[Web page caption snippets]

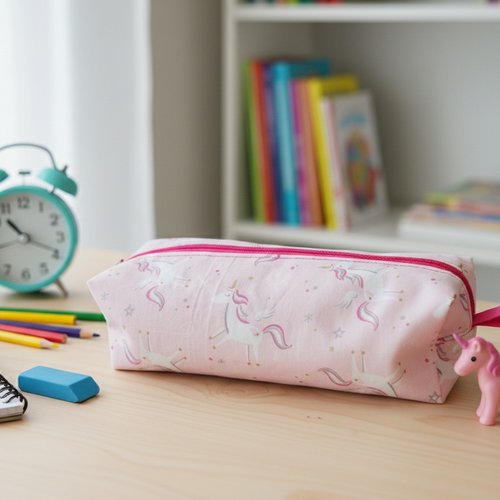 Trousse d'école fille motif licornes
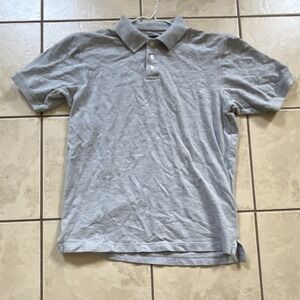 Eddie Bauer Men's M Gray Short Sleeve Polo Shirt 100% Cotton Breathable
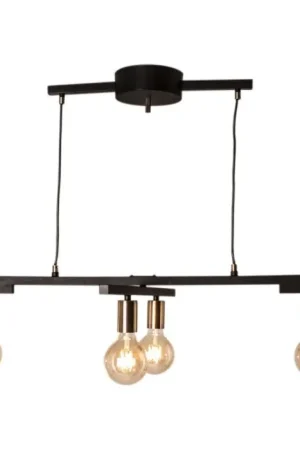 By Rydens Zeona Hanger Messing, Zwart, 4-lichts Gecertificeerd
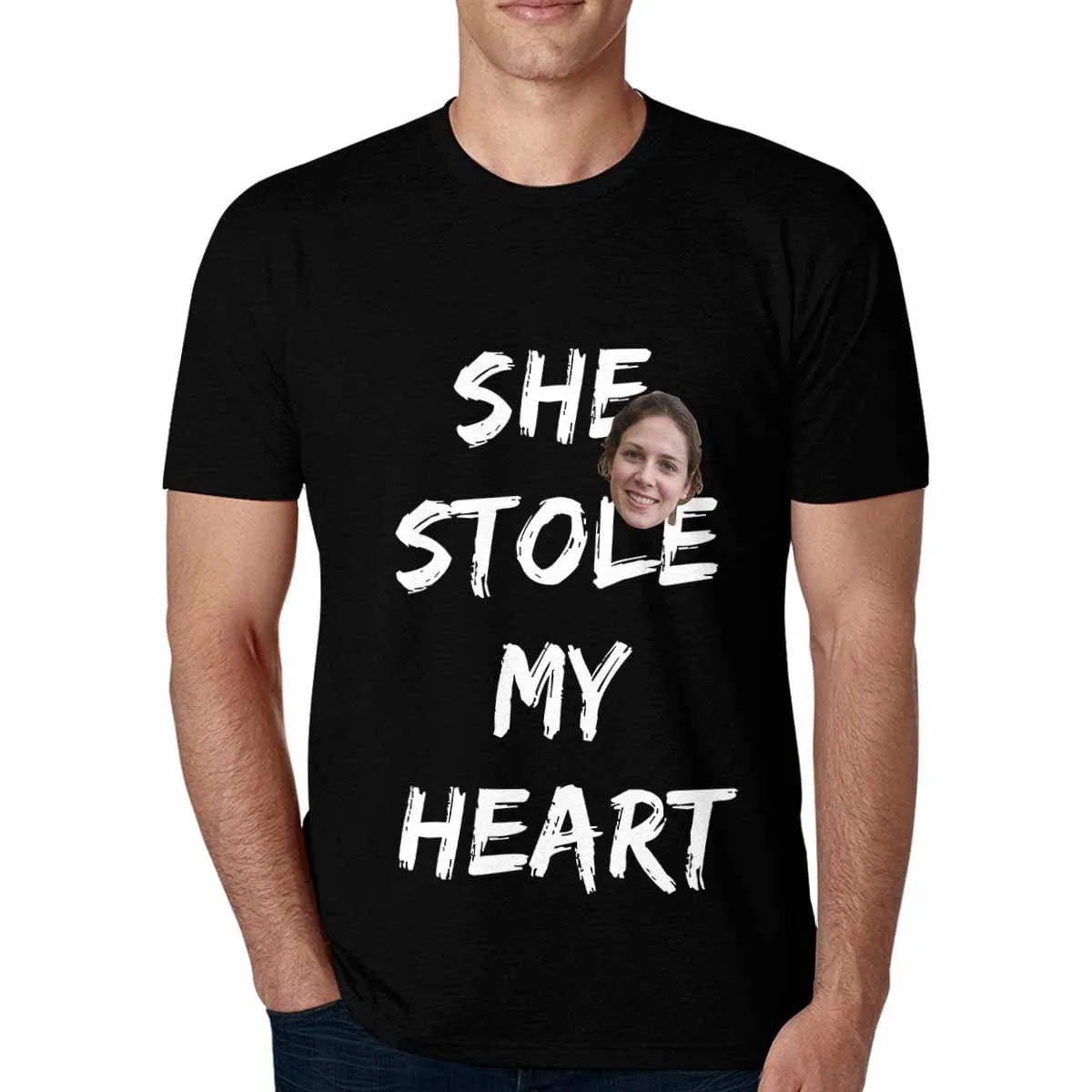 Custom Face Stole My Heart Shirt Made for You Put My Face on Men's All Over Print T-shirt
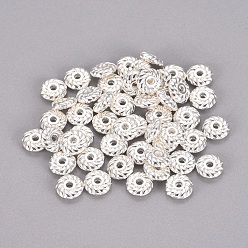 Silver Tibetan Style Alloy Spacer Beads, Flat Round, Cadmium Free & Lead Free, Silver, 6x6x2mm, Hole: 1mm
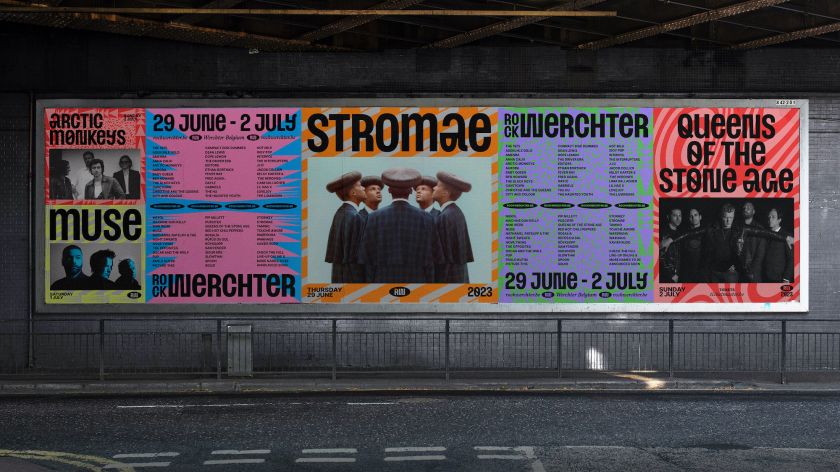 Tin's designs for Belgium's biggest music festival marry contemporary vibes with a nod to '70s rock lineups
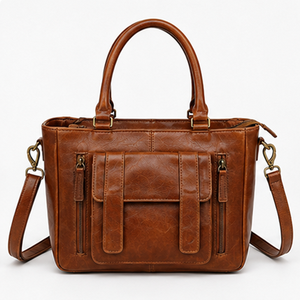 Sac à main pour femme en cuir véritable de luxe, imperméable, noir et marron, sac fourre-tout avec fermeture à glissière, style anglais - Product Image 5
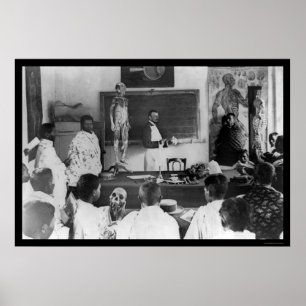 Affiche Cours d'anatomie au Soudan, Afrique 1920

WHAT IS BEING ASKED: What is needed is an exact repeat of the lines from the one containing "By Rydens Zeona" through the last line of the records above, both included, with pictures left out.

YOUR SOLUTION:
 By Rydens Zeona Hanger Messing, Zwart, 4-lichts Gecertificeerd
 Custom Face Stole My Heart Shirt Made for You Put My Face on Men's All Over Print T-shirt
 Silver Tibetan Style Alloy Spacer Beads, Flat Round, Cadmium Free & Lead Free, Silver, 6x6x2mm, Hole: 1mm
 Tin's designs for Belgium's biggest music festival marry contemporary vibes with a nod to '70s rock lineups
 Sac à main pour femme en cuir véritable de luxe, imperméable, noir et marron, sac fourre-tout avec fermeture à glissière, style anglais - Product Image 5
 Affiche Cours d'anatomie au Soudan, Afrique 1920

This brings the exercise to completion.